▶ _Provided records_:

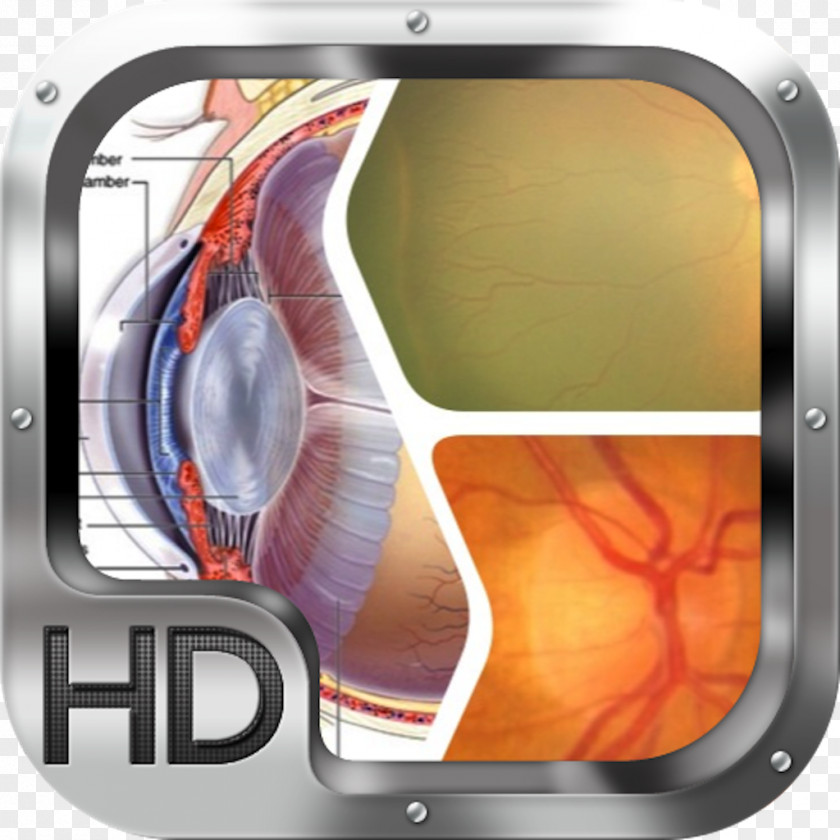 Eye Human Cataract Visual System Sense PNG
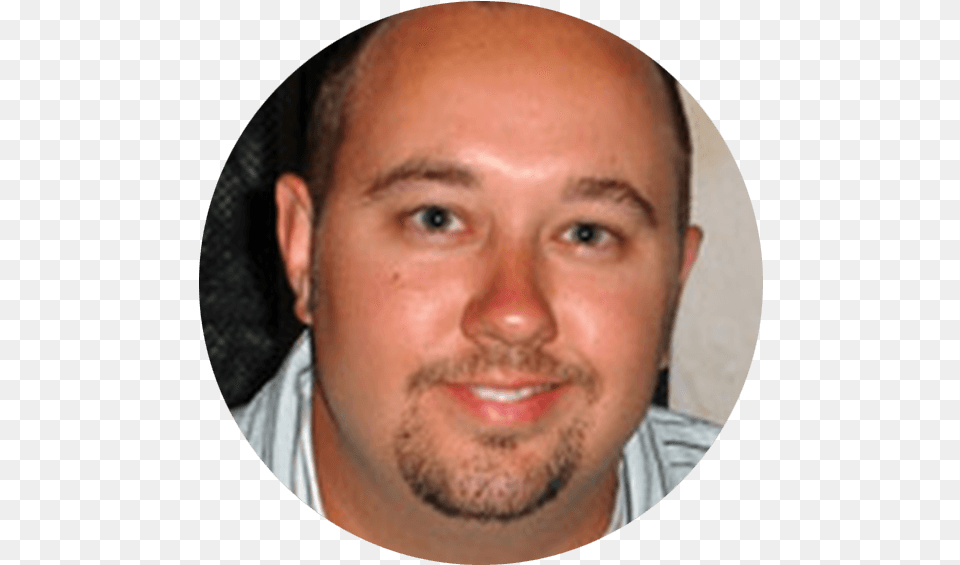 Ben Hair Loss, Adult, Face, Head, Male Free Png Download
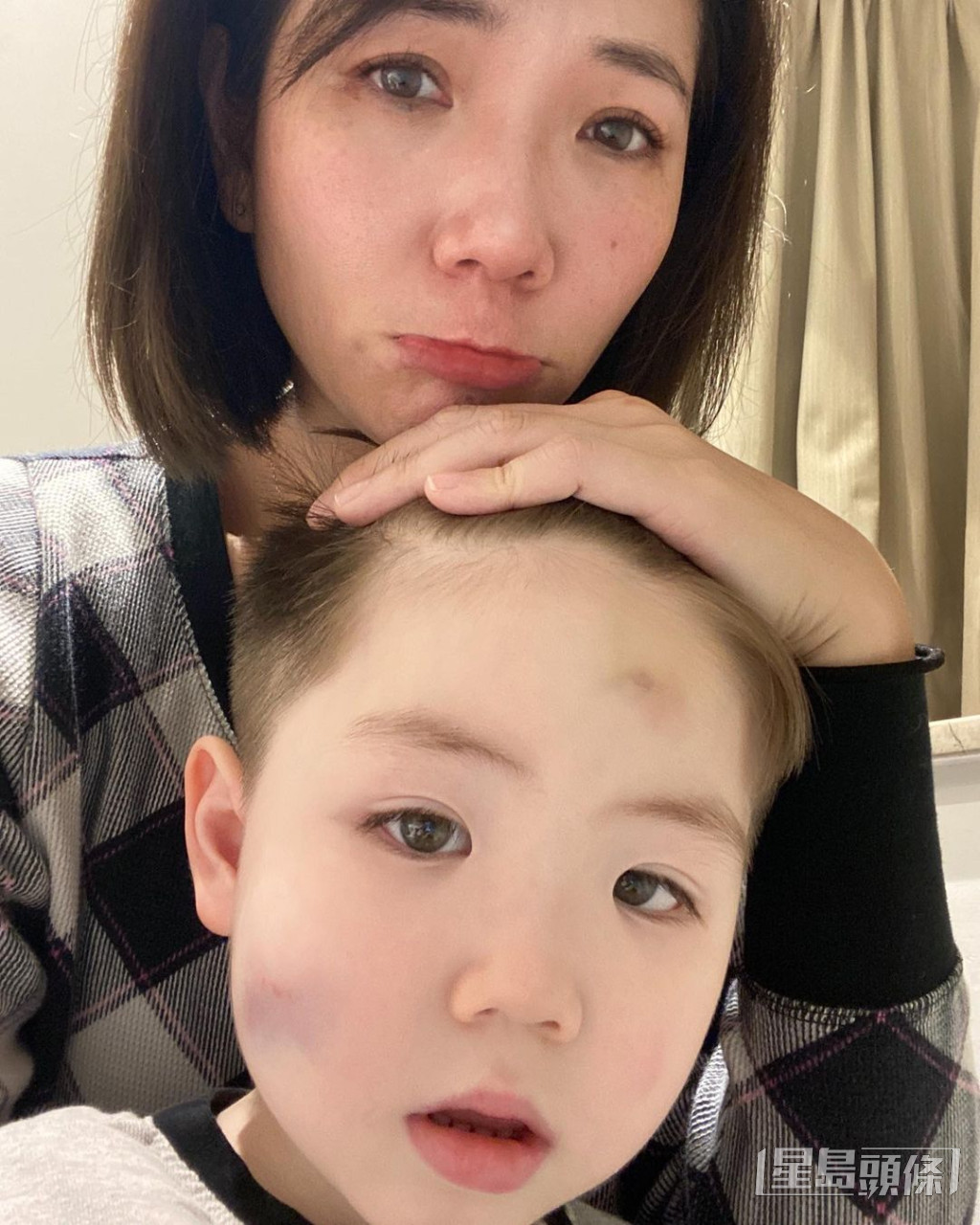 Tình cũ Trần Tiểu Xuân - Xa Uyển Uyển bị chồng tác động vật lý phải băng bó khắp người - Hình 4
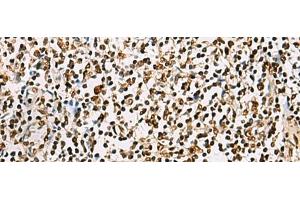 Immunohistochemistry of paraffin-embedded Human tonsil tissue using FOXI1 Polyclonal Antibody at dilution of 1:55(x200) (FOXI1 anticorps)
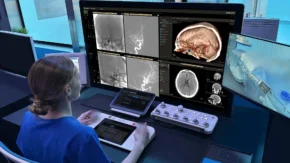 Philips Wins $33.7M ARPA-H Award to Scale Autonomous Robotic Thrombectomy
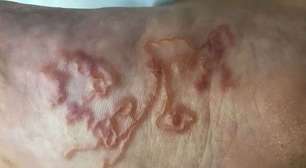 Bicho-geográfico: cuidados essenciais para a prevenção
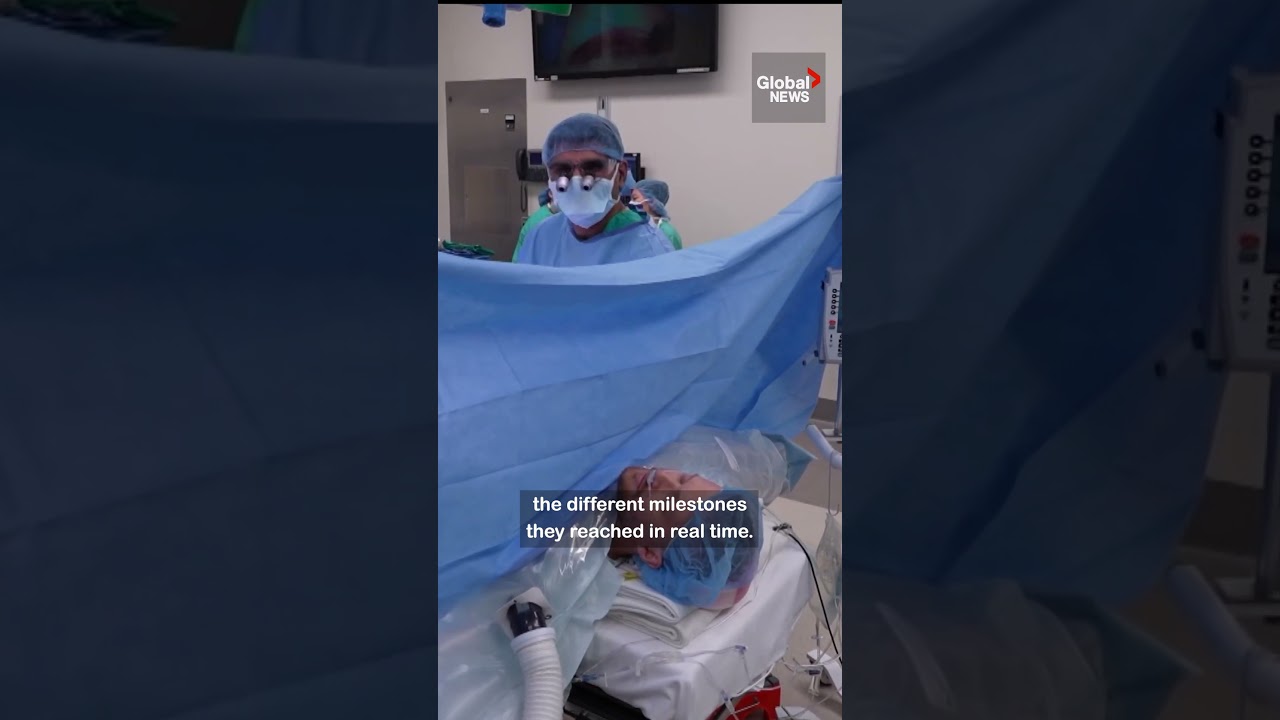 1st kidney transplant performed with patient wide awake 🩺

▶ _Task item_: Make an exact copy of only those lines that run from the line with "Philips Wins $33.7M" through the end of the records, excluding pictures.

▶ _Task output_:
 Philips Wins $33.7M ARPA-H Award to Scale Autonomous Robotic Thrombectomy
 Bicho-geográfico: cuidados essenciais para a prevenção
 1st kidney transplant performed with patient wide awake 🩺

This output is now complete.